### EXERCISE BRIEF
Pictures in the entries below are excluded; copy only the lines from the one containing "So we just assumed" to the one containing "In this demonstration", both included.

### DATA UNDER STUDY
◆ ◆ ◆ ◆ ◆
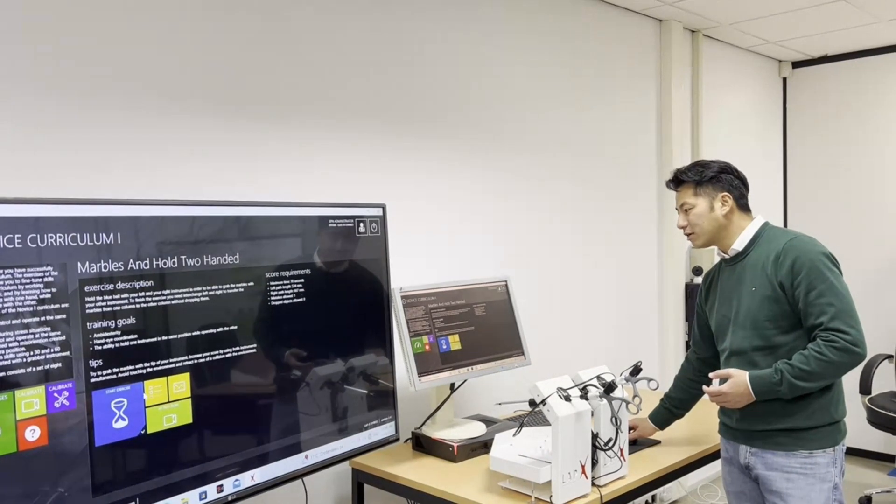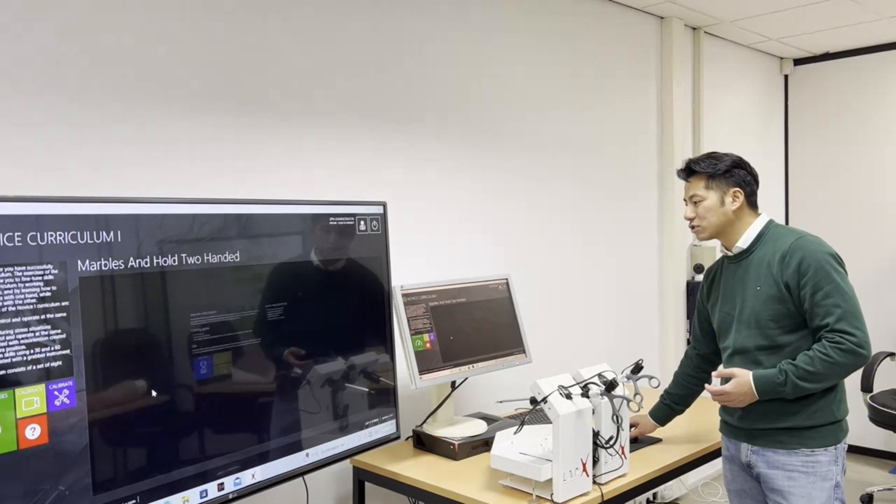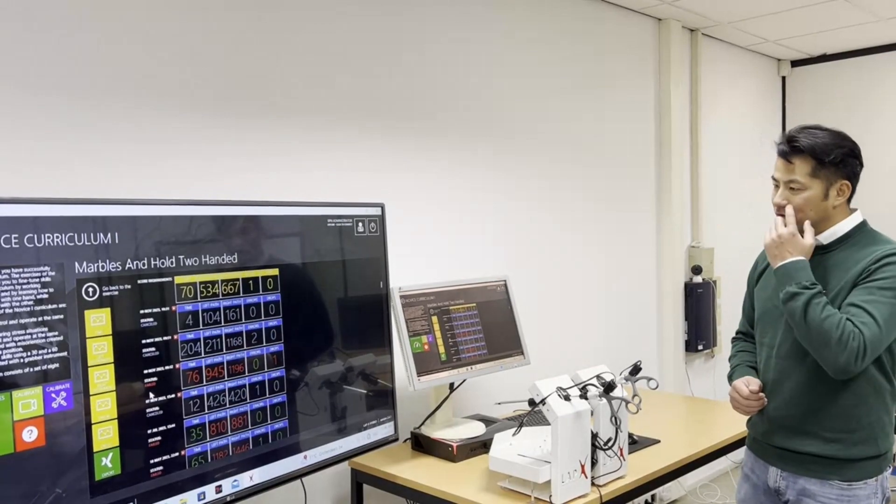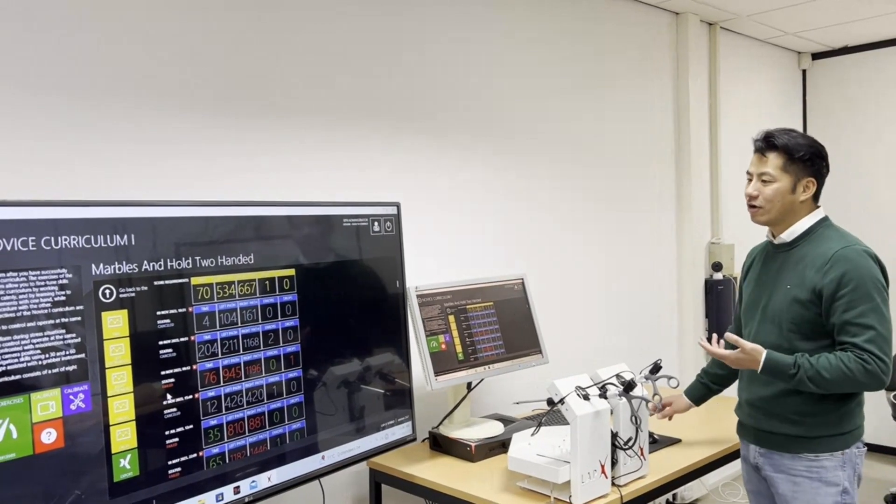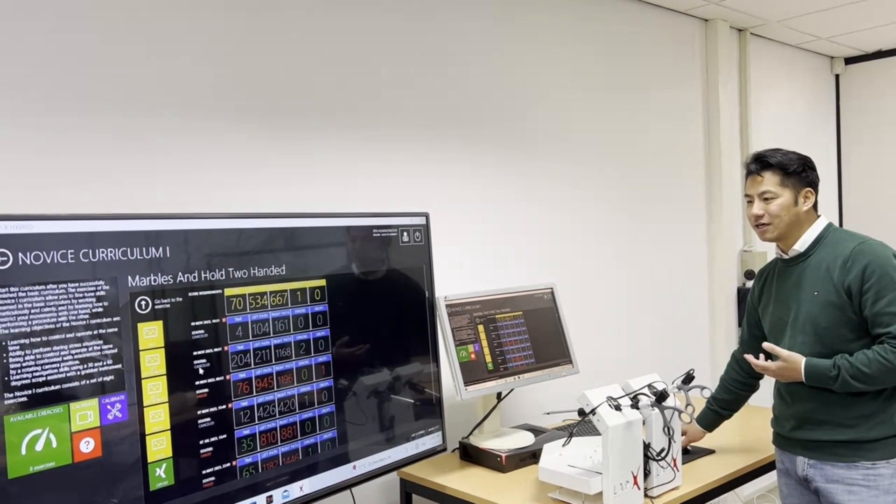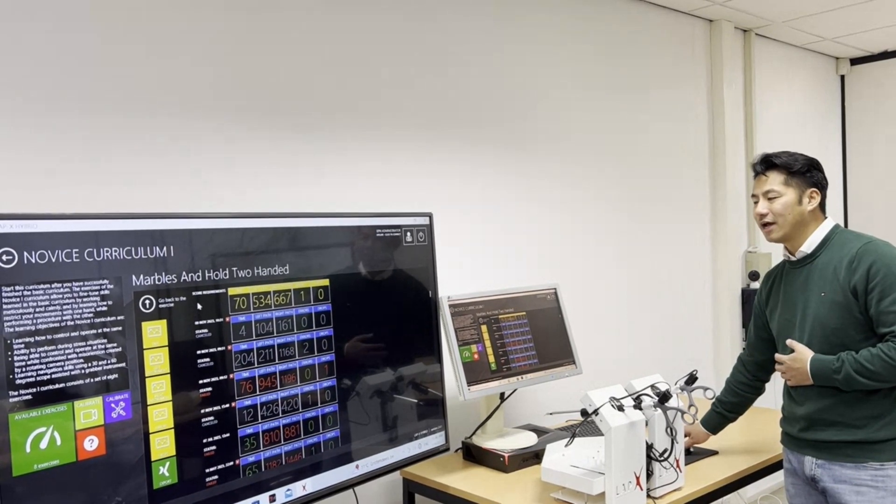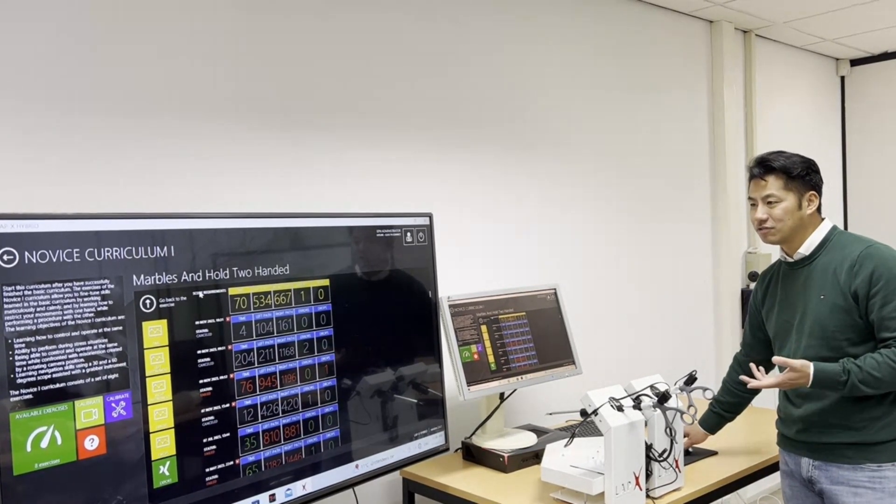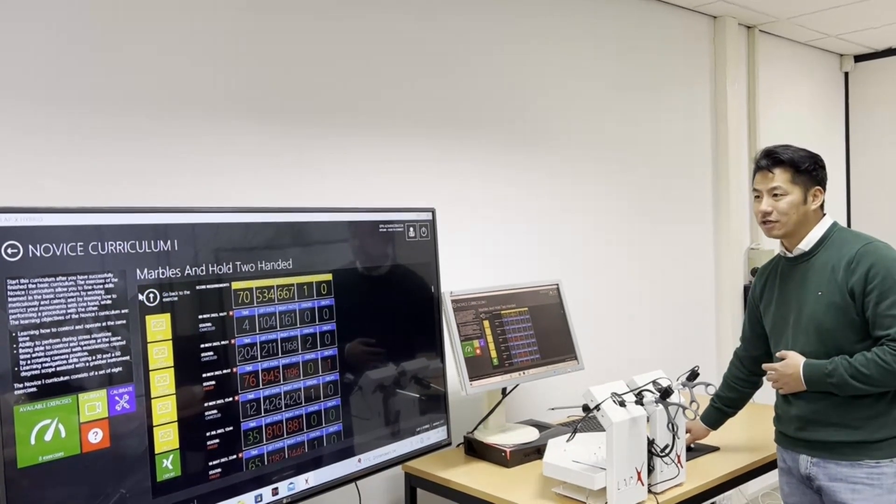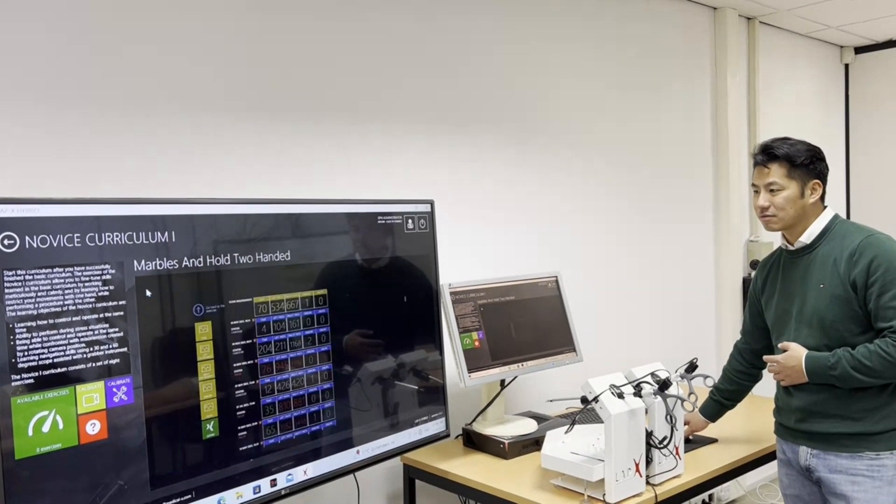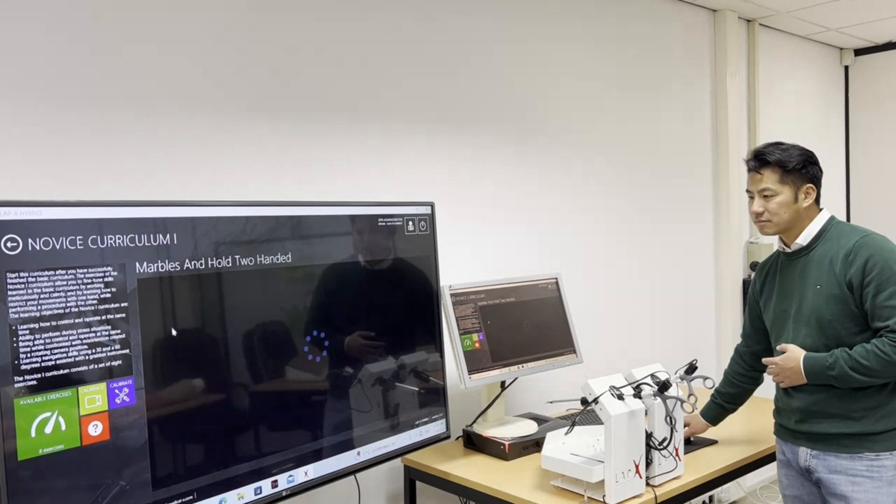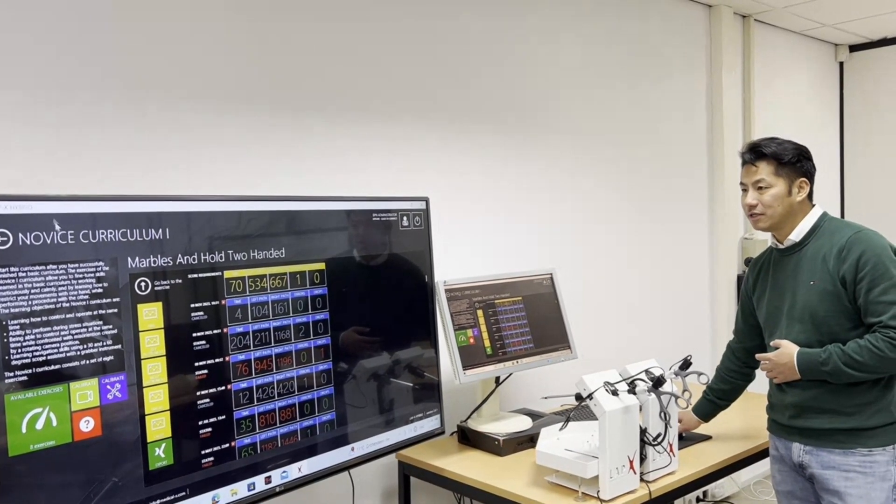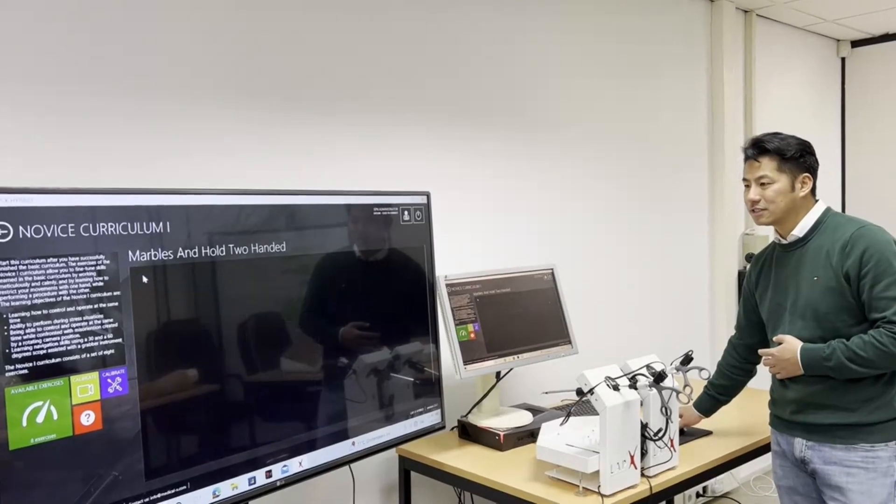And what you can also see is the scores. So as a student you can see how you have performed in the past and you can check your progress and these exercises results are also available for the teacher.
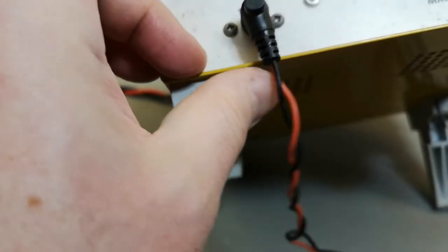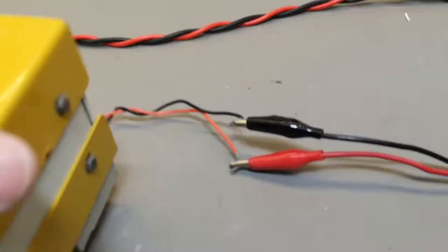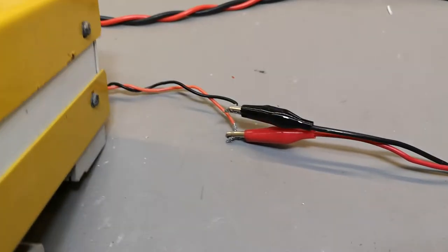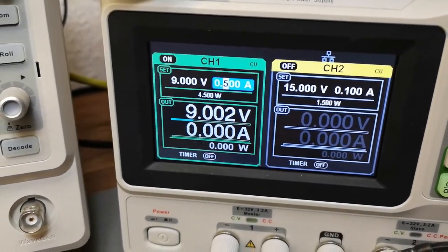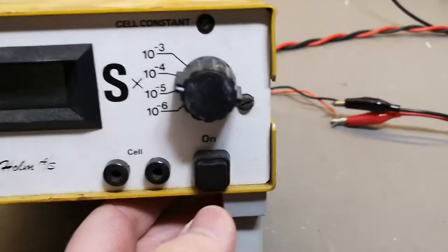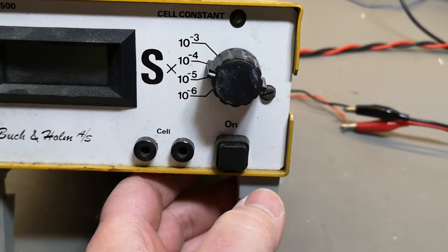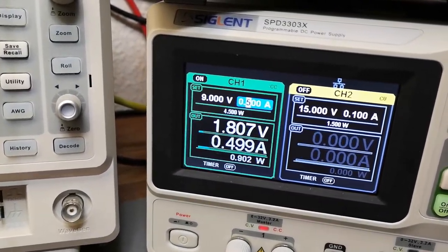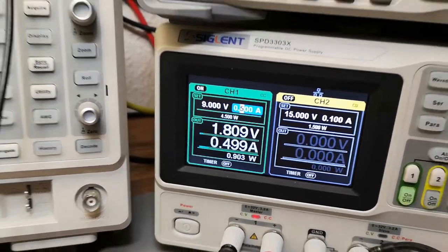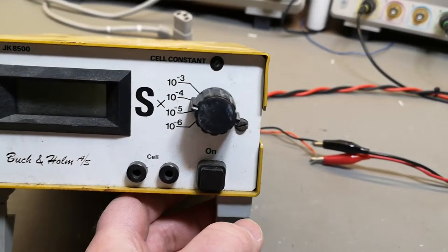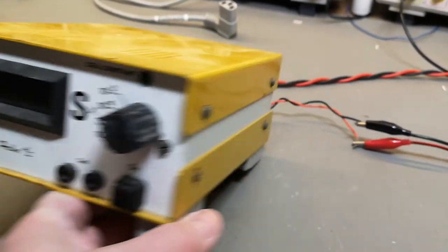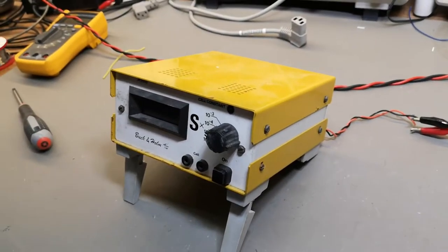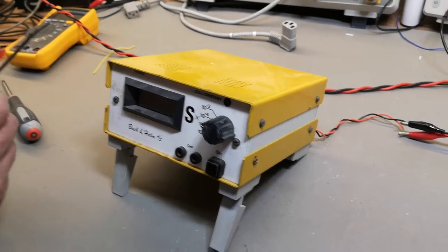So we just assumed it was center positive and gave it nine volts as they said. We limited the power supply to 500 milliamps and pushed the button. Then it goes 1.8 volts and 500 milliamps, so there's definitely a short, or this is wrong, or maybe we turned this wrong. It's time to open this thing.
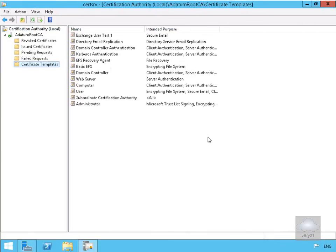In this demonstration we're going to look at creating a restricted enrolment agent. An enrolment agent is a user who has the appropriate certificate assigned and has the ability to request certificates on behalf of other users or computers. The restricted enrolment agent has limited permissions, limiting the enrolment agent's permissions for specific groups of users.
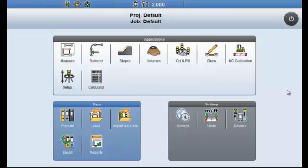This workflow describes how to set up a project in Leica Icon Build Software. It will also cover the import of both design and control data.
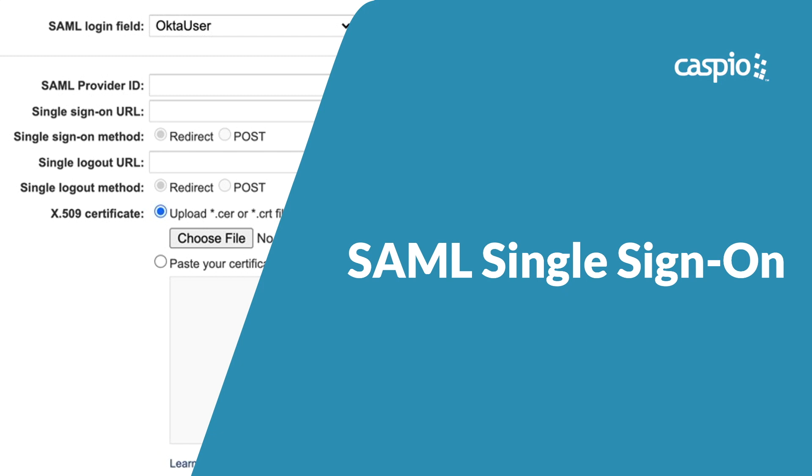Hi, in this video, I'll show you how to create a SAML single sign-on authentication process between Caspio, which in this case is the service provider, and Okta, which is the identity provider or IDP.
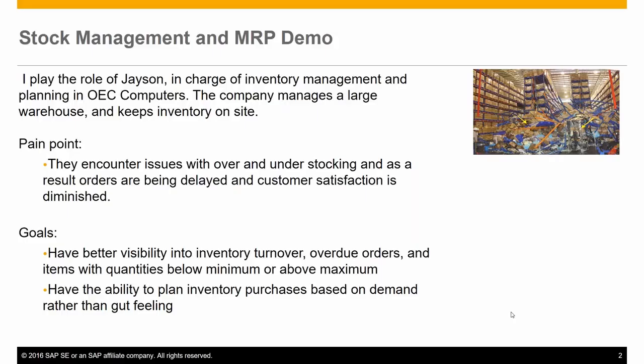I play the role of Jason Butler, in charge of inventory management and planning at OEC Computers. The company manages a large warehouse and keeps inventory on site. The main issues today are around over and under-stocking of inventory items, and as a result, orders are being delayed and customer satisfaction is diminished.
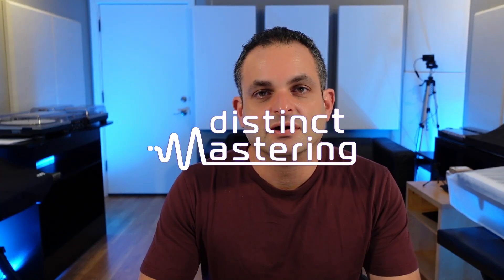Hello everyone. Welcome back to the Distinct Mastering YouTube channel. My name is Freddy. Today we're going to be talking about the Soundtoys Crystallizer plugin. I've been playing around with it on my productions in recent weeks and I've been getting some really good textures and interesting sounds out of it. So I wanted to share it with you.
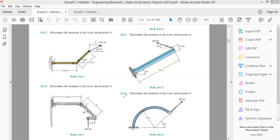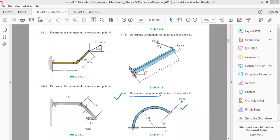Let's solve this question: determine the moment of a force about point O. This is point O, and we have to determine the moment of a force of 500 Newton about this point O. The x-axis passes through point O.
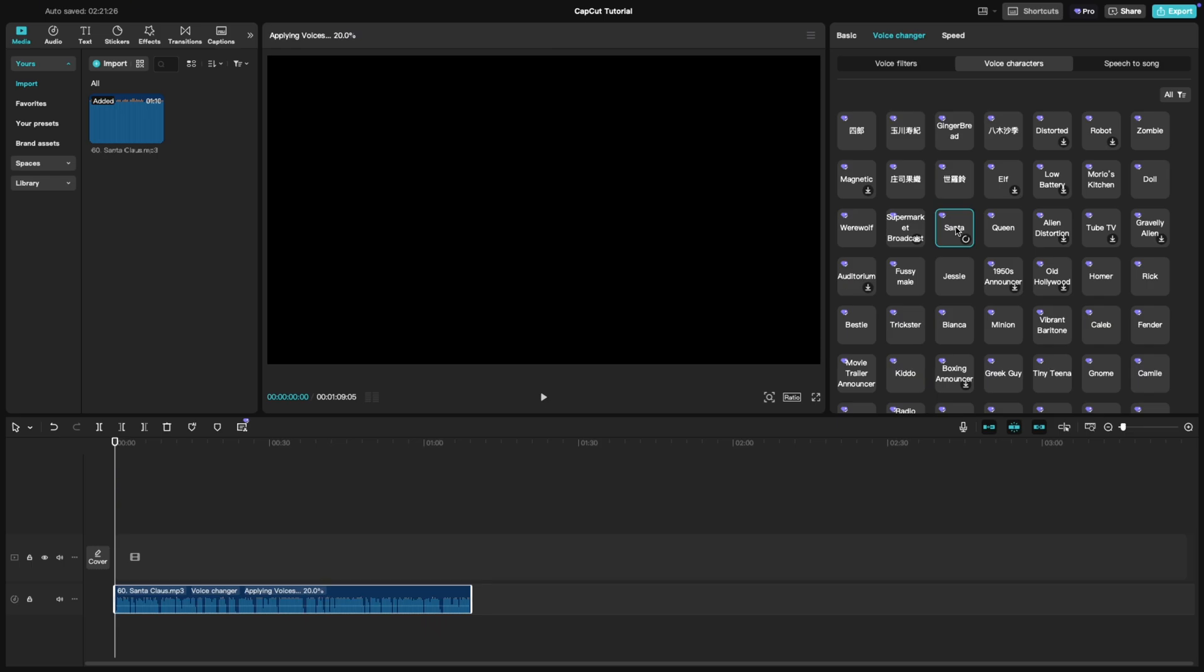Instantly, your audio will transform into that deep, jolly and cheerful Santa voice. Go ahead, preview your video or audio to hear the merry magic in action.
◆ ◆ ◆ ◆ ◆
### ANSWER FOR THIS EXERCISE
So we just assumed it was center positive and gave it nine volts as they said. We limited the power supply to 500 milliamps and pushed the button. Then it goes 1.8 volts and 500 milliamps, so there's definitely a short, or this is wrong, or maybe we turned this wrong. It's time to open this thing.
In this demonstration we're going to look at creating a restricted enrolment agent. An enrolment agent is a user who has the appropriate certificate assigned and has the ability to request certificates on behalf of other users or computers. The restricted enrolment agent has limited permissions, limiting the enrolment agent's permissions for specific groups of users.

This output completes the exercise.